Quit bitching, the EDITION you bought is limited to 3000. The EDITION we are buying is not the same as the one that you bought. Your's will be a collectors item, mine will be a bargain bin item. If you are so pissed off about it, sell yours to someone for what you got it for and the slate is wiped clean.


----------



## Doelago (Nov 29, 2009)

djinn24 said:


> If you are so pissed off about it, sell yours to someone for what you got it for and the slate is wiped clean.

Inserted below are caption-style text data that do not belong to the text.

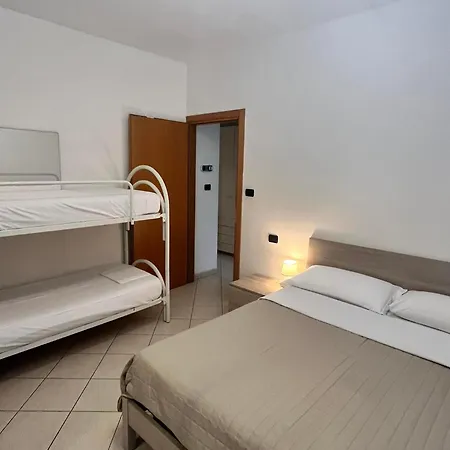 Holiday home Mare Piano Terra Con Terrazzino San Benedetto del Tronto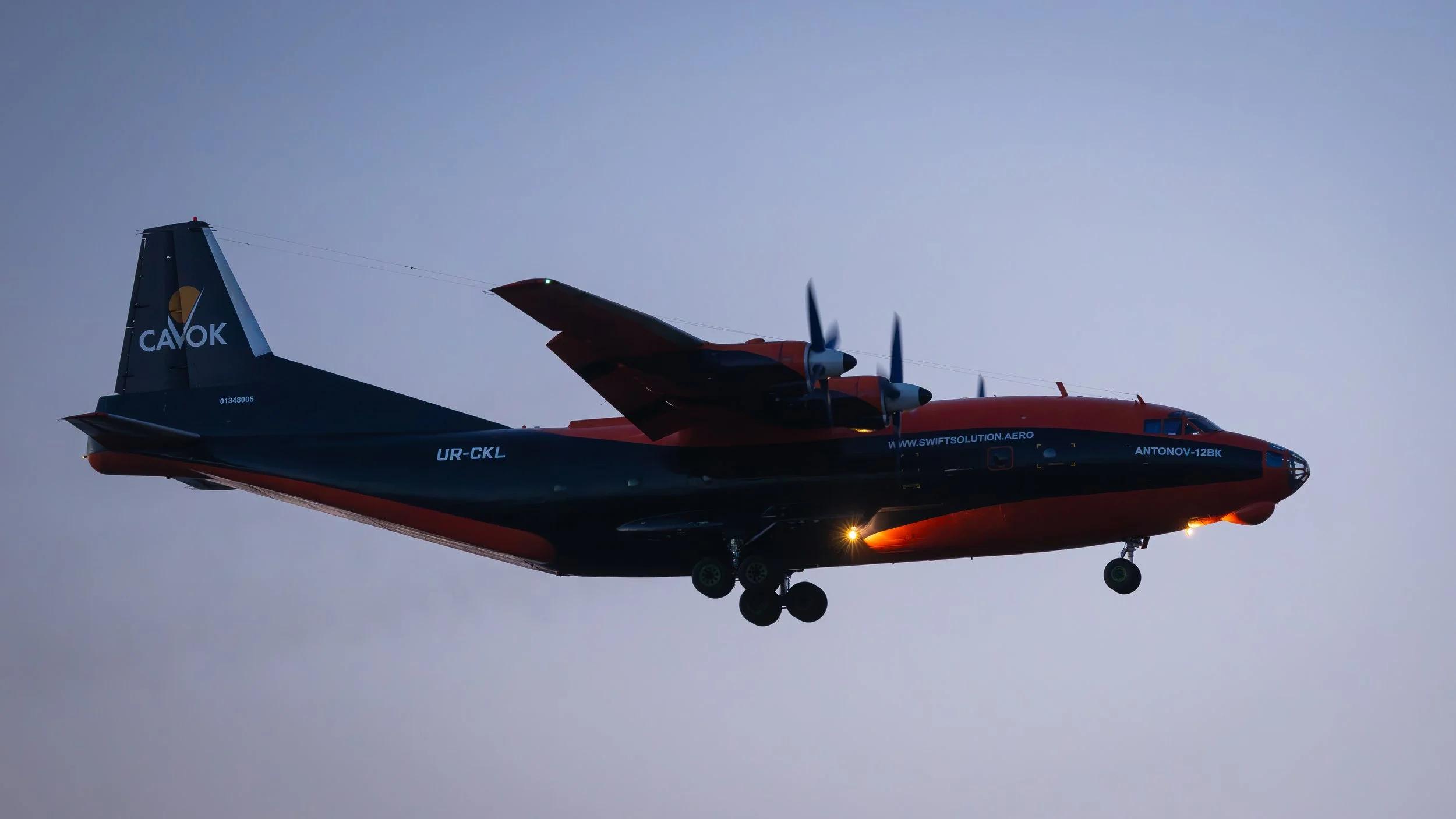 Sunset arrival for CAVOK Antonov AN-12BK UR-CKL Curacao TNCC on 31 Aug 2026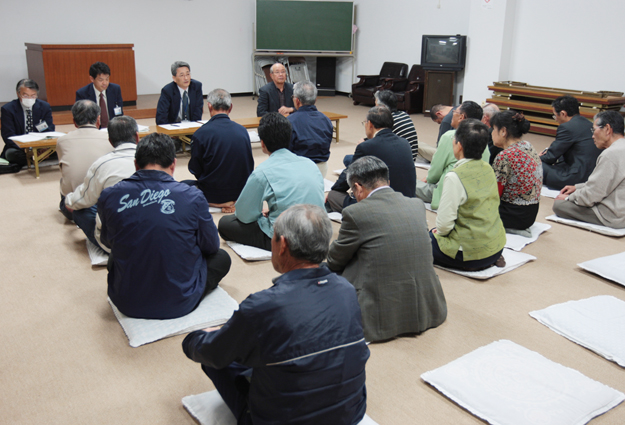 地元住民から存続を望む意見が多く出された説明会=折方集会所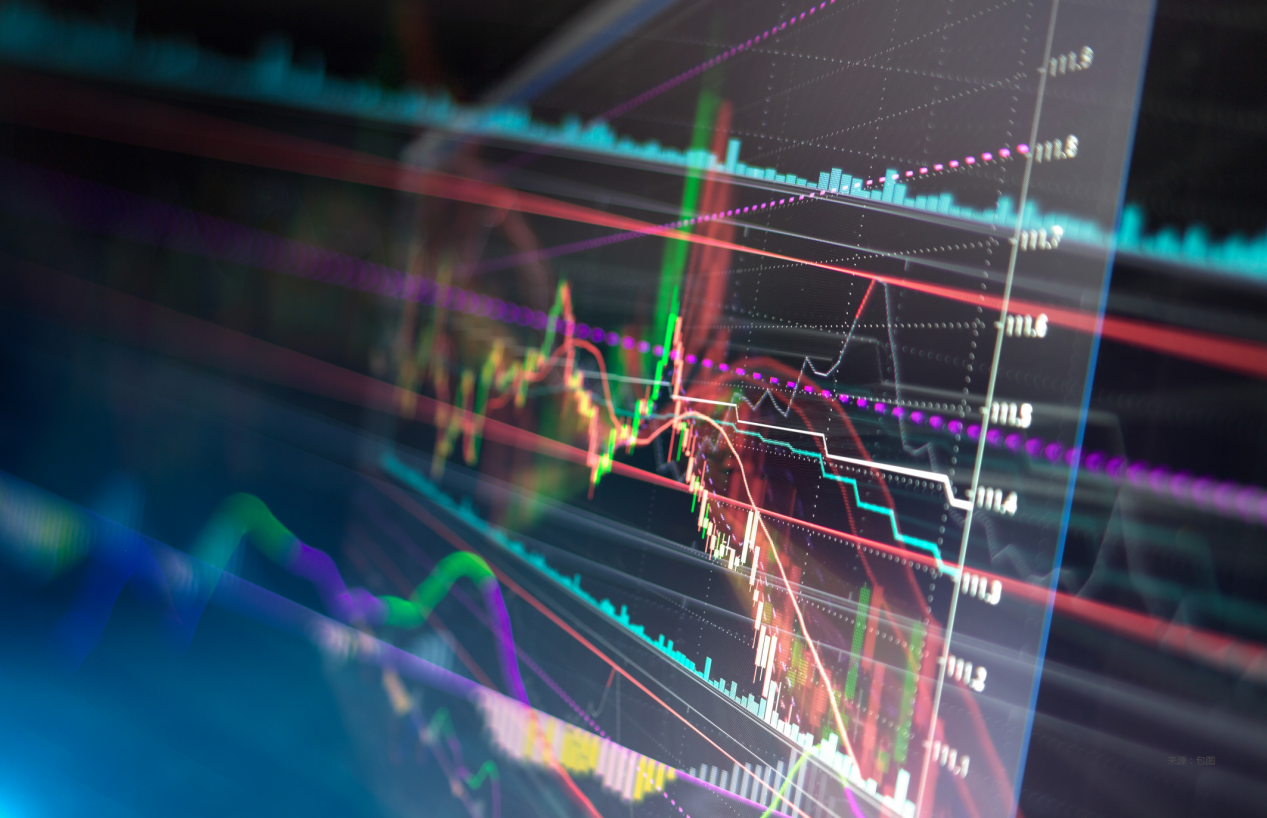 收评:沪指涨0.85%盘中创近10年新高 两市成交金额逾2.7万亿元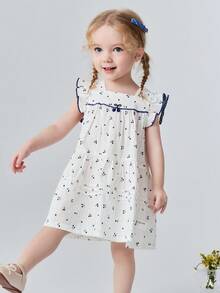 mini bala 2026夏季女婴连衣裙，纯棉提花樱桃印花甜美公主裙，柔软透气，休闲百搭，适合日常穿着、野餐和度假。 - 白藍色調 - 查看 2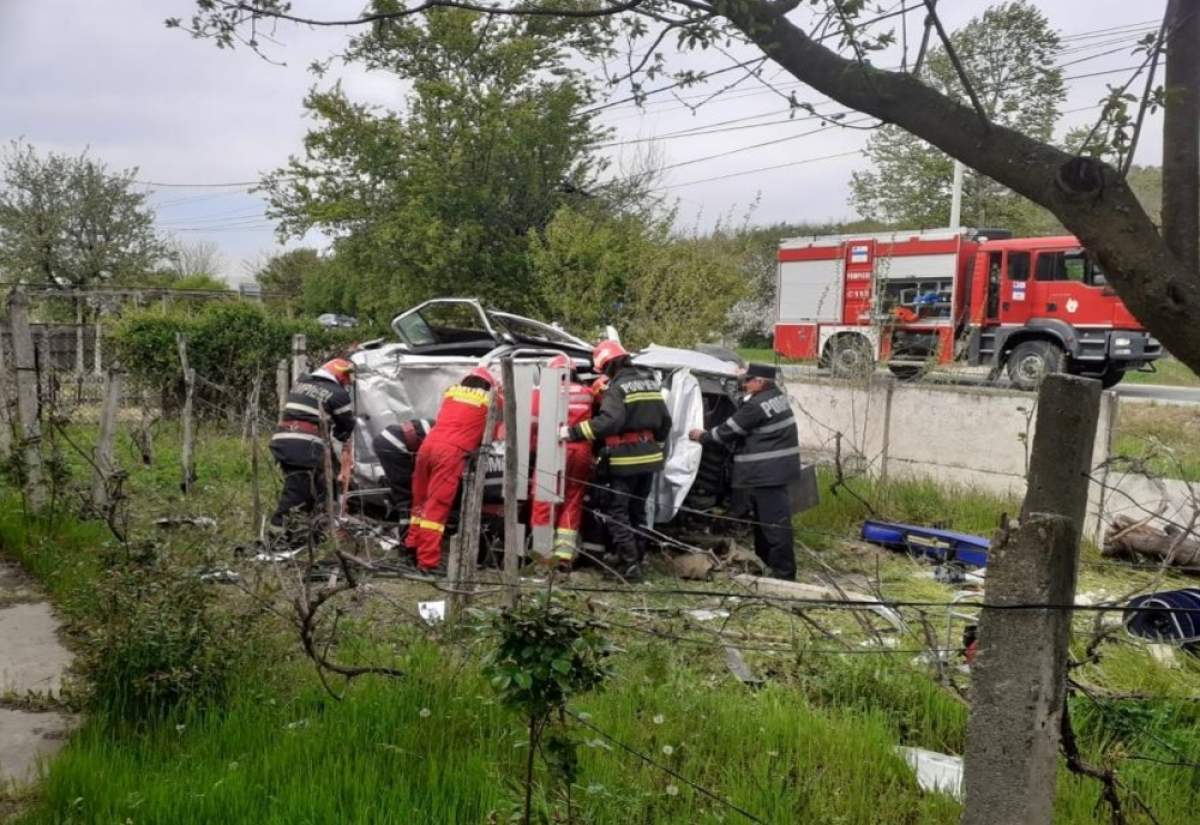 Grav accident de circulație în Gorj. Doi tineri au rămas încarcerați, după ce s-au răsturnat cu mașina într-un șanț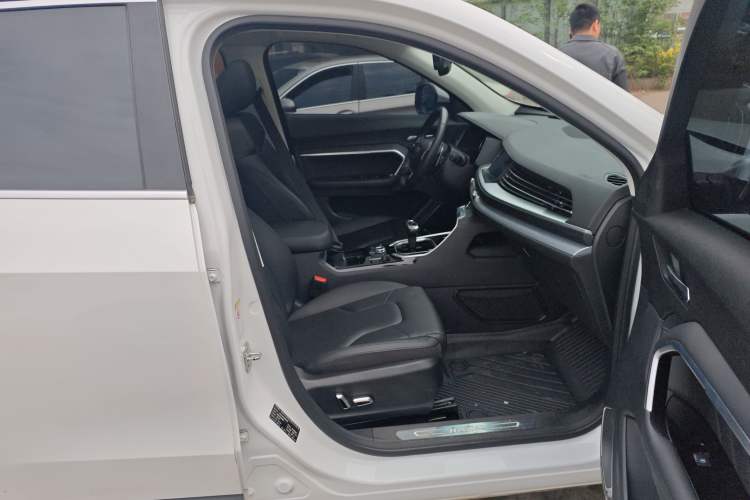 Used Haval H6 2017 Blue Label 2.0T Automatic Two-Wheel Drive Smart Edition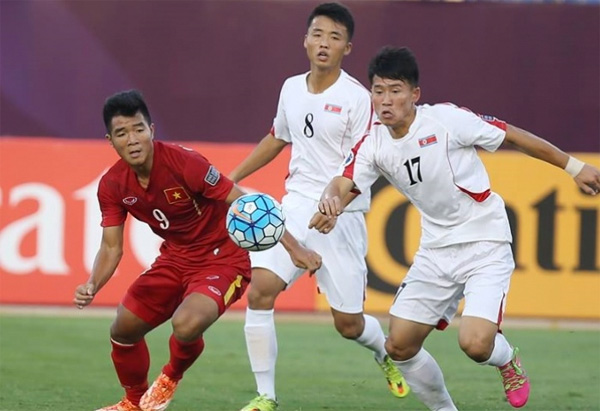 Không lâu sau khi các đàn anh ở đội tuyển quốc gia giành chiến thắng 5-2 trong trận giao hữu, Đức Chinh và các đồng đội lại một lần nữa gieo sầu cho đối thủ Triều Tiên ở sân chơi U19.
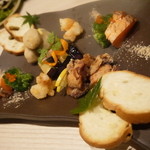 やちく - こんなにいろいろ乗ってます♪唐揚げもある♥≪2014．8月　女子会コース飲み放題付き4000円≫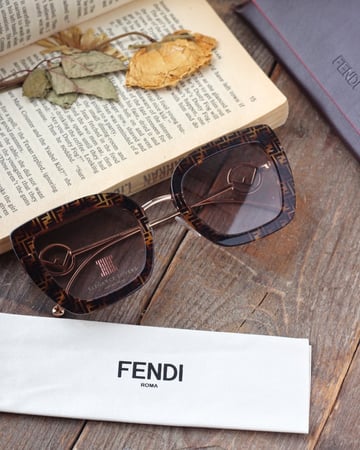 نظارة فندي نسائي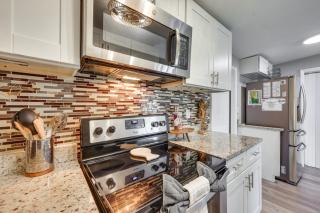 5 Blocks to Jax Beach Getaway with Patio and Yard! - 5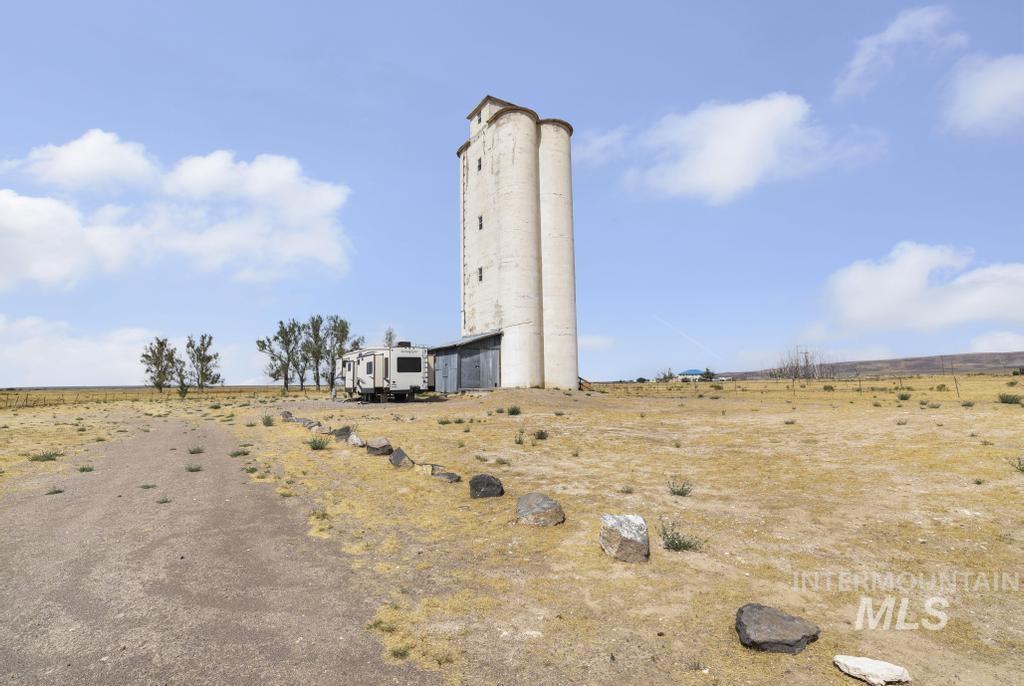 2348 E 2050 N, Twin Falls, Idaho 83301, 1 Bedroom, 1 Bathroom, Residential For Sale, Price $220,000,MLS 98998155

If someone is about to follow the above advice then I would like the announce that I am willing to trade.


----------



## Commissar Ploss (Feb 29, 2008)

*well Gents... Seems there's been an addendum to the Black Library News for this month. just got a short email from one of my good friends inside. Officially there will be no Promethean Sun POD book, they made an error...*

it started with this comment on my website: 



> The Black Library Team
> 
> Ploss, that is news here at Black Library because the print on demand title to be launched on June 1st is Zavant. Promethean Sun is exclusive to the hardback collectors' edition for the next two years and won't be part of any other product, be that digital or physical, until May 2013.


and then i got an email:



> To clarify something in the latest Black Library newsletter, Promethean Sun ($50), referred to the Limited Edition novel, which was sold out on-line. This is not a new print-on-demand edition. However, I can tell you that the next print-on-demand title will be a *Zavant collection by Gordon Rennie*. Sorry for any confusion this may have caused.


balls...

What initially gave me this notion was the fact they placed the Promethean Sun paragraph under the section of POD titles to look out for this month. And it was first in line after the colon as you can all plainly see. But alas, it was a misplacement in the newsletter.

CP


----------



## Worldkiller (Jun 16, 2010)

Commissar Ploss said:


> *well Gents... Seems there's been an addendum to the Black Library News for this month. just got a short email from one of my good friends inside. Officially there will be no Promethean Sun POD book, they made an error...*
> 
> it started with this comment on my website:
> 
> ...


Well thank goodness for all that. What's the Zavant collection by Gordon Rennie? Does anybody know?


----------



## Commissar Ploss (Feb 29, 2008)

Worldkiller said:


> Well thank goodness for all that. What's the Zavant collection by Gordon Rennie? Does anybody know?












just an example.

CP


----------



## Doelago (Nov 29, 2009)

Commissar Ploss said:


> *well Gents... Seems there's been an addendum to the Black Library News for this month. just got a short email from one of my good friends inside. Officially there will be no Promethean Sun POD book, they made an error...*
> 
> CP


----------



## Roninman (Jul 23, 2010)

You could actually make little money of these limited editions if you get extra copy, but this is just laughable that they publish these too as POD titles. They already said they will in future publish this anyway, so why didnt they print twice as many copies in first place?

Remembering when Lotr movies came and those WETA limited statues were hot items, i bought myself one for 200 dollars and then sold it 5 months after it and got 950...


----------



## Words_of_Truth (Sep 20, 2007)

I wonder how much my copy of the original lightning tower and dark king would make if I sold it.


----------



## Commissar Ploss (Feb 29, 2008)

Roninman said:


> You could actually make little money of these limited editions if you get extra copy, but this is just laughable that they publish these too as POD titles. They already said they will in future publish this anyway, so why didnt they print twice as many copies in first place?
> 
> Remembering when Lotr movies came and those WETA limited statues were hot items, i bought myself one for 200 dollars and then sold it 5 months after it and got 950...





Words_of_Truth said:


> I wonder how much my copy of the original lightning tower and dark king would make if I sold it.


Roninman, it will not end up being printed as POD. read a few posts up, i've explained it.

CP

lightning tower and the dark king would probably sell for a pretty penny!


----------



## Djinn24 (Jan 12, 2008)

I love how they let folks order multiple copies and it was sold out day one. Should have been limited to 1 per. Feel bad for the folks who really want one who will pay out 100+ to get it.

@Vaz: you sold to early, should have waited a couple more months would have made even more.


----------



## March of Time (Dec 4, 2009)

Words_of_Truth said:


> I wonder how much my copy of the original lightning tower and dark king would make if I sold it.


Well i've seen them go for £50+ on eBay :shok:


----------